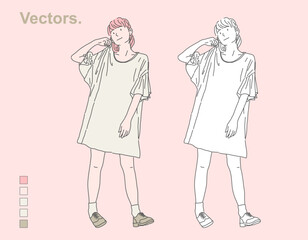 Vector illustration of a young woman in a casual, oversized t-shirt dress. It shows the figure in both a colored version and a black and white outline.
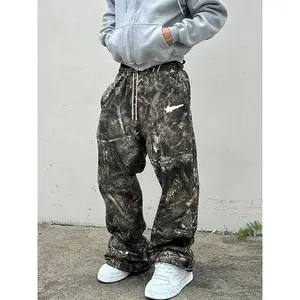 Men’s casual camouflage joggers with meteor print, loose drawstring wide-leg design, comfortable all-season menswear GARMENTARY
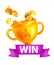 Game level up win icon, vector golden bonus cup casino rank reward, victory goblet badge, shiny coins.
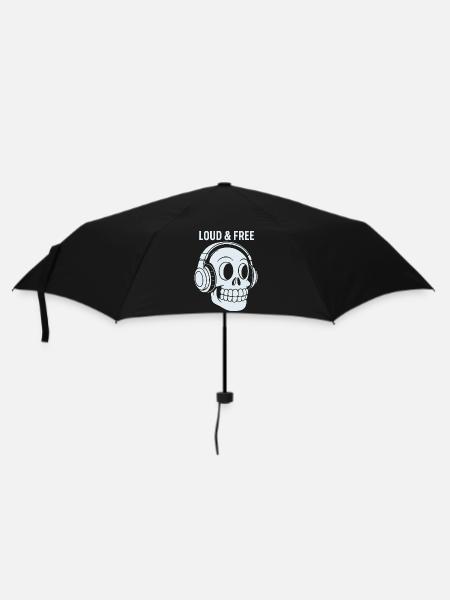Totenkopf Kopfhörer Laut Frei - Regenschirm (klein) - Schwarz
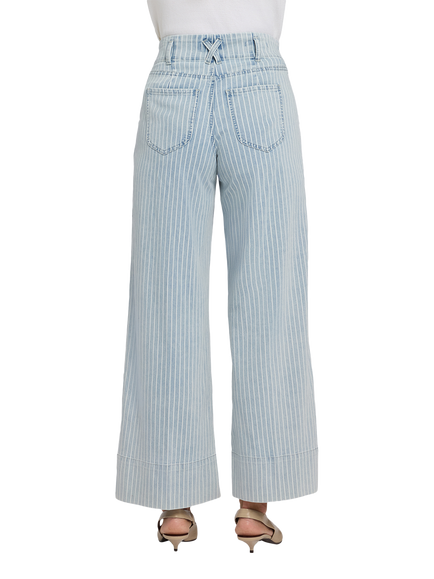 NYDJ Simone High Rise Stripe Wide Leg Jeans, Azure Stripe - view 2, Azure Stripe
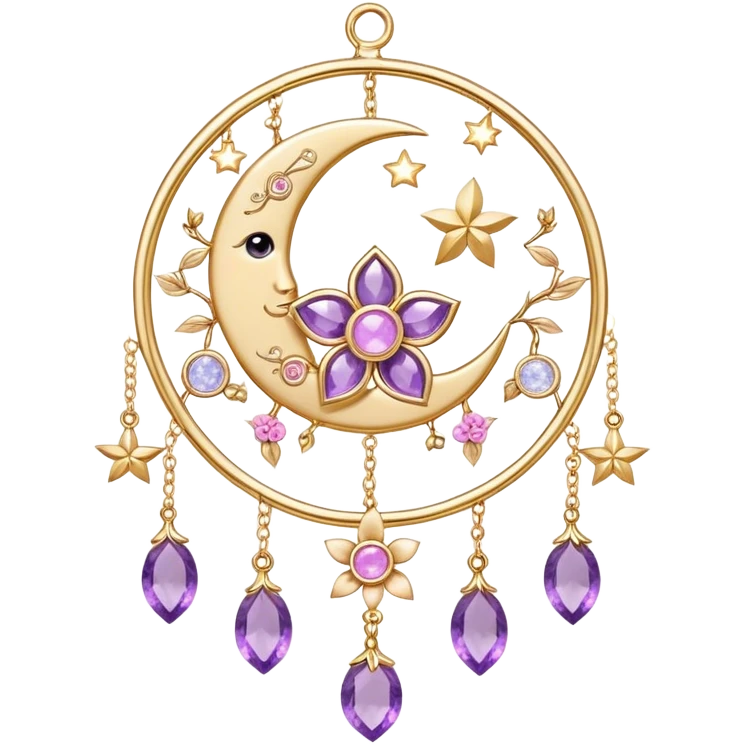Epic beautiful gorgeous cute gold suncatcher, threads with shiny sparkly amethyst and rose-quartz gemstones, flowers, moons, stars, leaves, detailed emoji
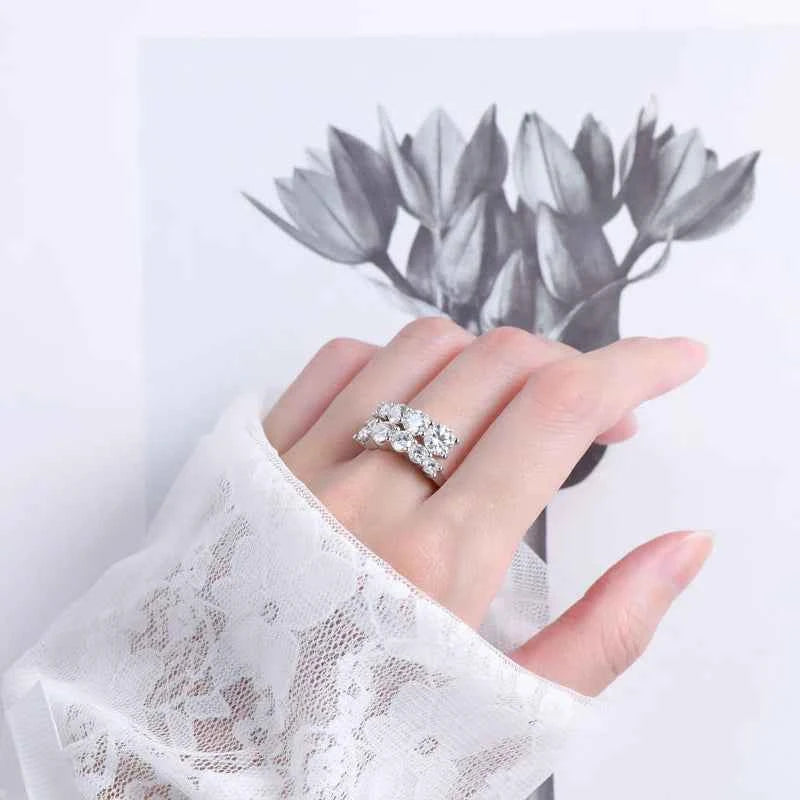 Moissanite Twist Shank Ring – 925 Sterling Silver 10 Stones 3.26cttw Wedding Band | Melisande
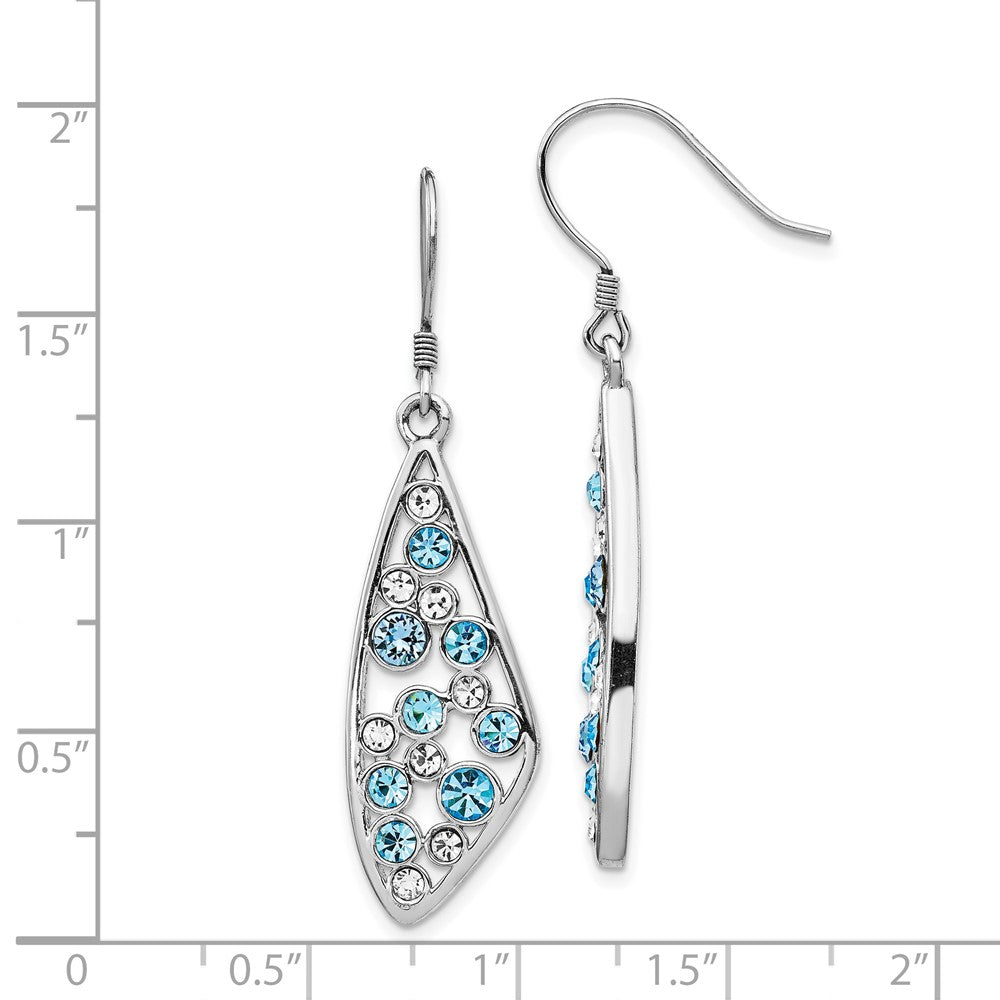 Rhodium-plated Sterling Silver Blue Crystal Wing Dangle Earrings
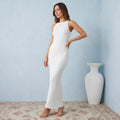 Lidia - Vestido camisero con textura de ondas de agua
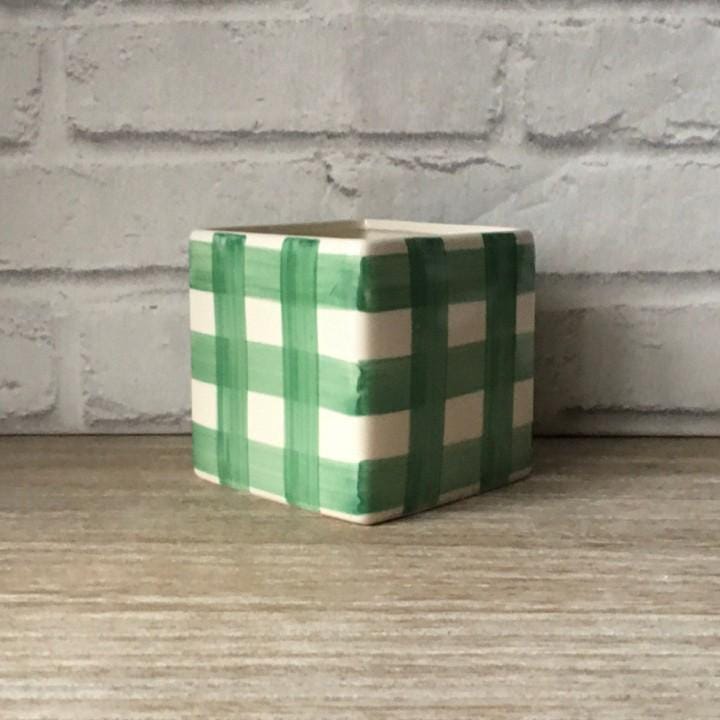 Green Gingham Planter
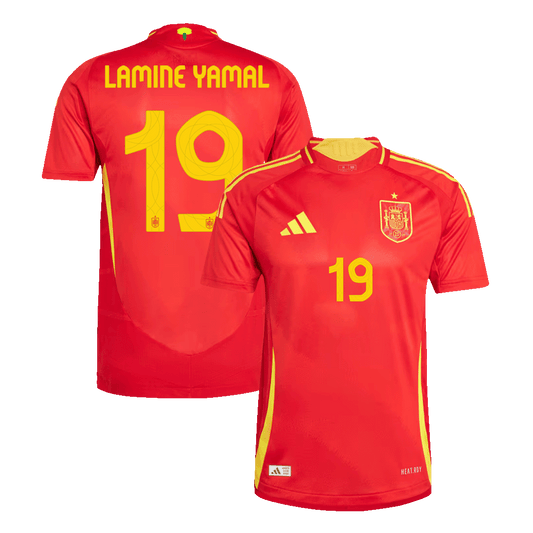 Auténtica LAMINE YAMAL #19 España 2024 Primera Equipación-Versión Jugador camiseta de fútbol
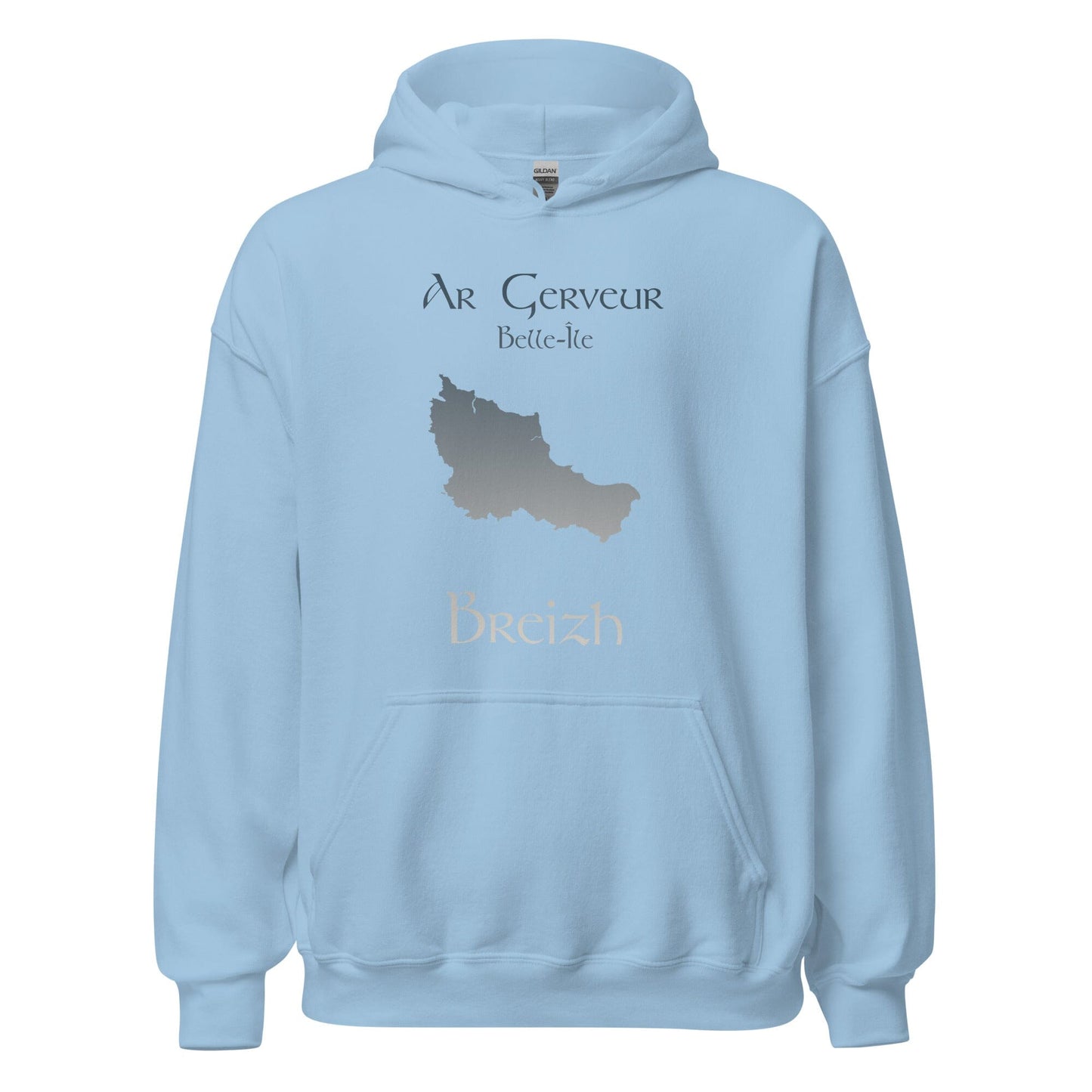 Sweatshirt unisexe à capuche Ar Gerveur Belle-Île sweat-shirt Bevet Breizh Bleu Clair S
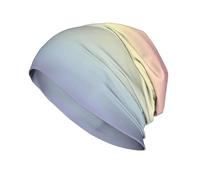 DJC BOUTIQUE Chemo Headwear Beanie Hat - Pre Tied Bandana Scarf Closed Top Cap Flower (Blended Rainbow Pastel)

·····

### Aim of the exercise
Transcribe, word for word, the stretch of lines in the data above from the one with "Men’s casual camouflage" through the one with "Epic beautiful gorgeous"; omit all pictures.

### Exercise solution
 Men’s casual camouflage joggers with meteor print, loose drawstring wide-leg design, comfortable all-season menswear GARMENTARY
 Game level up win icon, vector golden bonus cup casino rank reward, victory goblet badge, shiny coins.
Totenkopf Kopfhörer Laut Frei - Regenschirm (klein) - Schwarz
 NYDJ Simone High Rise Stripe Wide Leg Jeans, Azure Stripe - view 2, Azure Stripe
Epic beautiful gorgeous cute gold suncatcher, threads with shiny sparkly amethyst and rose-quartz gemstones, flowers, moons, stars, leaves, detailed emoji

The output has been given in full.